I wouldn't ever ask for a square sensor but I guess the point is people are tired of rotating cameras and waist level finders would work for vertical/square pics (since you wouldn't need to turn the camera). Instead of a square sensor a 6x7 sensor for the RZ67 would be really nice (including the rotating mount).
When you find the entire industry and market place going in what you consider to be the wrong direction, you should always ask why the trend is what it is, and be open to an answer that involved the camera makers knowing something that you do not, rather than "collective stupidity" or "a vast conspiracy".
Ok, now this is not the best argument. Check out the american car manufacturers. Big trucks, gasguzzlers, etc. All almost chapter11.
Usually manufacturers just give customers what they can get away with not what would be best for them. Oh yeah, and make max possible profits.
A few possible ingredients, beyond the very substantial increase in sensor cost:
- to avoid rotating by use of a square format of equal maximum side length requires a VF assembly including mirror enlarged to the 56x56mm square size, and so a deeper, heavier, slower moving mirror with even more mirror slap to deal with.

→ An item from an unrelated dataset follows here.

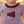 Megaphone Bubble- Maroon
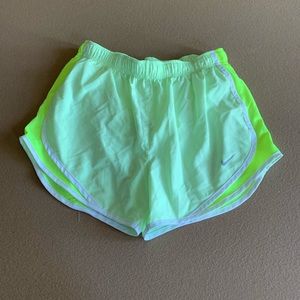 Nike Dri Fit shorts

- that requires a lens mount which sits further from the focal plane to accommodate the deeper mirror box, and lenses whose rear elements stay further from the focal plane, so a complete new set of lenses in place of current 645 lens systems.
I'm not sure that is accurate but I've read sensor yields and prices both improved a lot. And I think to recall that Dalsa assembled a sensor from several subpieces. How much more would a 6x7 sensor cost than a 6x45? A couple thousand USD? People would probably pay a 10k $ premium over the P65+ to get a P100+ (with 25 Megapixel Sensor+ mode).

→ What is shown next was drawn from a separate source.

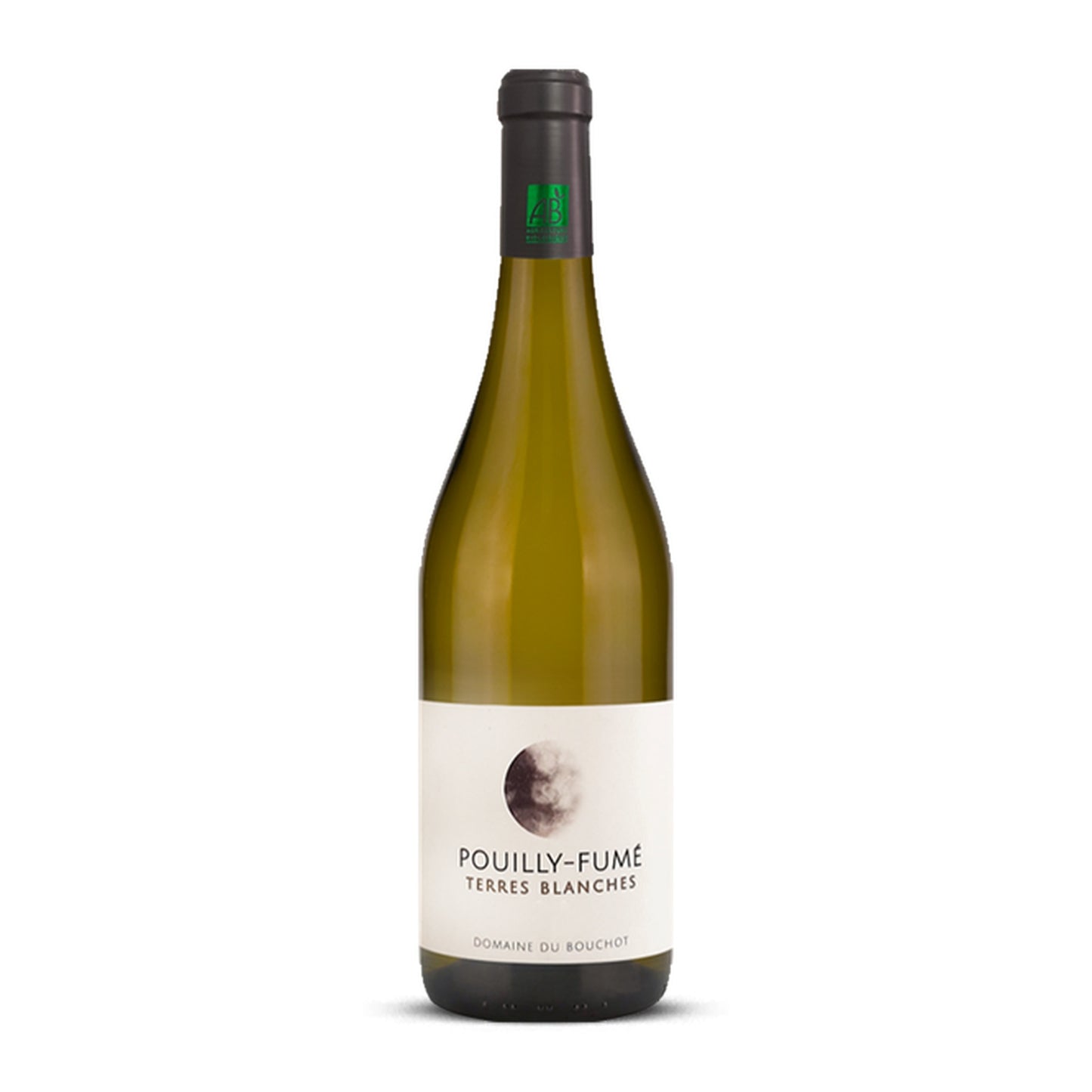 Domaine du Bouchot Pouilly-Fumé Terres Blanches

The questions are probably not prices (Red.com is intending to deliver a DSMC 6x17cm sensor for 53k USD btw) but the requirement for a different body, possibly different electronics and the risk of serving a niche not big enough. Phase has no reason for a 6x6 since they only have 645 and 67 bodies, Hassy's current H bodies only supports 6x45 so a complete nogo too.
But it sure could be done. The Leaf AFI had a 6x6 box. My Mamiya RZ67 Pro2 has less mirror slap than a Hassy H1 and better focussig too.
Paul Claesson of Hasselblad USA was not entirely joking when he said "Would you prefer a smaller sensor or a much larger camera?"
Well... Paul was maybe a bit conservative with his thoughts on this. Why not drop the mirror box altogether? An ARCA Swiss camera is not much of a camera but at the same time plenty of camera. With a HDMI 1080p output (liveview) from the back you wouldn't even need autofocus, mirrorbox, optical viewfinder, mechanical shutter, etc anymore. And the camera would be much smaller, lighter and more reliable.
And let's be honest... less and less fashion and people shooters will get backs when pixel counts are around 50-60 or more Megapixels just because it's too impractical to massage the HUGE files and store them. Everything much larger than 30 Megapixels needs a crazy ass computer and computing times go up like crazy. Seems like architecture, landscape, product, etc shooters will be the remaining MFDB user base at some point. All served very well with live-view when using tilt-shift.